When testing with a small input file that was created via a copy/paste, everything was working as expected but when trying with the full input file Logstash was failing. Here's a snippet of the message field (entire field is quite large) from the failed attempts:

"message" => "1,Clam AV Repository,\"Provide Clam AV Repository across all environments and deliver Clam AV App via PCF\nCustomer: Cyber\nUser Story identified on: 12/13/16\",,,,d.h,D H,d.z,D Z,New,False,5.0,,,,,5.0,37,20,1481817781908,2016-12-15 16:03:01.919008+00:00,2017-01-27 13:19:47.857537+00:00,,False,False,0,,,\"2,3,4,5,6,7,26,27\",,[],0\r\n9,Meet with AIT .net PaaS,\"Output is to have a list of viable .NET applications candidates that can be deployed via PCF; user story from 12/16 PaaS Brown Bag\nCustomer: B B\nRequested on: 12/16/16\",06 Jan 2017,2016-12-20,2017-01-06,d.h,D H,d.h,D H,New,True,1.0,,,,,1.0,77,31,1481913643419,2016-12-16 18:40:43.431810+00:00,2016-12-21 18:24:51.681500+00:00,2017-01-05 16:47:05.664772+00:00,False,False,0,,,\"28,80\",,[],0\r\n10,Docker Registry Pipeline in .IO...[rest of message removed]"
"@version" => "1",
     "tags" => [
        [0] "multiline",
        [1] "_csvparsefailure"
      ],
          "path" => "/root/new-taiga-stories",
          "host" => "[redacted]"

The only difference that I noticed between my test input and the actual file was that line endings in the latter were Windows (\r\n), which leads me to believe the file input plugin isn't recognizing the line endings. There's a short thread on this same issue located at \r\n as a row separator, but no resolution.
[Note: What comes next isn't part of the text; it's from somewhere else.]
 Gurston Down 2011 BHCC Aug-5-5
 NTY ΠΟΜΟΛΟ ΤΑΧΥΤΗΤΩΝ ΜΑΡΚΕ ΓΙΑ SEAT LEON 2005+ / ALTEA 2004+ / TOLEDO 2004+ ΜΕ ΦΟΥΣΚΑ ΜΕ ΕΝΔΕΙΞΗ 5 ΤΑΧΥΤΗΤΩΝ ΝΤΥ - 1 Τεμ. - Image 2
Is there any way to define which line endings to break on, or any other suggestions on how to resolve this through my conf file?

Thanks!


(tdsacilowski) #2

Just an update... I figured out why my original config was failing with the Windows line endings. Apparently I missed the fact that the end-of-line regex anchor '$' only looks for '\n'. My updated pattern:

"^ref,|%{TIMESTAMP_ISO8601}(?:,[^,]*){7},(?:\"[\d,]+\"){0,1},[^,]*,\[.*\],\d+\r{0,1}$"


(system) #3

This topic was automatically closed 28 days after the last reply. New replies are no longer allowed.